I have data with about 25 different groups. In an effort to see how the variance of each group would change if I had different sample sizes I am trying to do stratified bootstraping. For example at sample size 5, it should produce 1000 collections of 5 resampled points for each group. I like to collect smallest sample size as necessary in possible range of 5 to 30 per group.
The problem I am running into is that I have to subset each group and run the bootstrapping on individual groups then copy and past the R output into excel. (I am fairly green at R and how to code). It takes too long. I need to automate the bootstrapping to recognize groups and somehow save a statistic of the collection of 1000 groups, to a dataframe. Does this make sense?
Here is what code I have so far:....
#sample data
set.seed(1234)
df <- data.frame(g.name = as.factor(sample(c(LETTERS),100, replace = T)),
C.H = as.numeric(sample(c(1:9),100, replace=T)))
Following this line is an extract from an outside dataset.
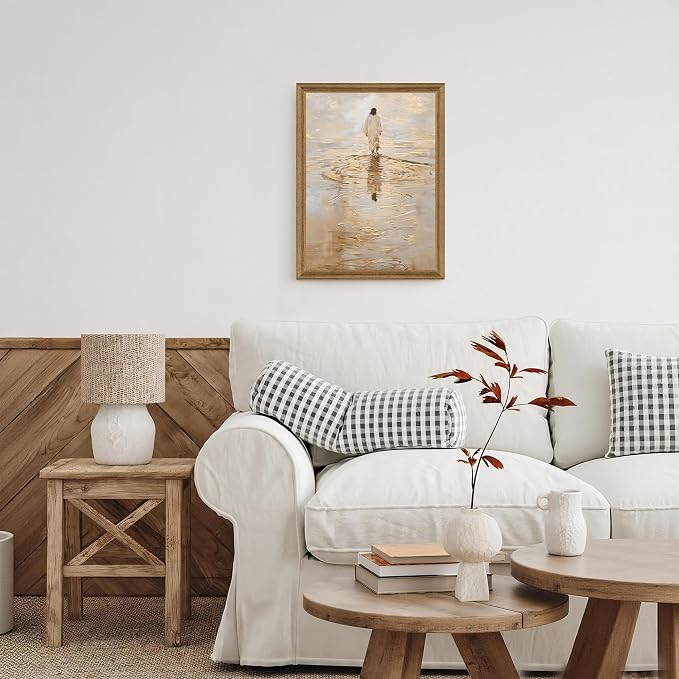 Fantasy Artists Christian Wall Art – Jesus Walking on Water Inspirational Painting, Warm Gold Faith Artwork for Home & Prayer Room, Religious Decor Symbolizing Hope, Trust & Divine Strength, 12W X 16H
#subset data by group... here only a three examples
Agroup=subset(df,C.H=='A')
Bgroup=subset(df,C.H=='B')
Cgroup=subset(df,C.H=='C')
#Bootstrap selecting a sample size of "i", "B" number of times. i.e. I am
selecting sample sizes from 5 to 30, 1000 times each. I then apply var() to
the sample, and take the multiple variances(or the variance of the
variances). C.H is the measurement ranging from 1 to 9.
B=1000
cult.var=(NULL)
for (i in 5:30){
boot.samples=matrix(sample(Agroup$C.H,size=B*i,
replace=TRUE),B,i)
cult.var[i]=var(apply(boot.samples,1,var))
}
print(cult.var)
This works but it is a lot of copy and paste. I think I need to use either a for loop to do the bootstrapping by group or figure something else out. I did find a way to do a stratified sampling all by itself without bootstrapping. So maybe I could figure out how to repeat that 1000 times somehow...
The example here using the function boot()
does not fit my situation. I have fiddled with it a little to no avail. I am not sure how to write functions which may also be why I can not figure it out.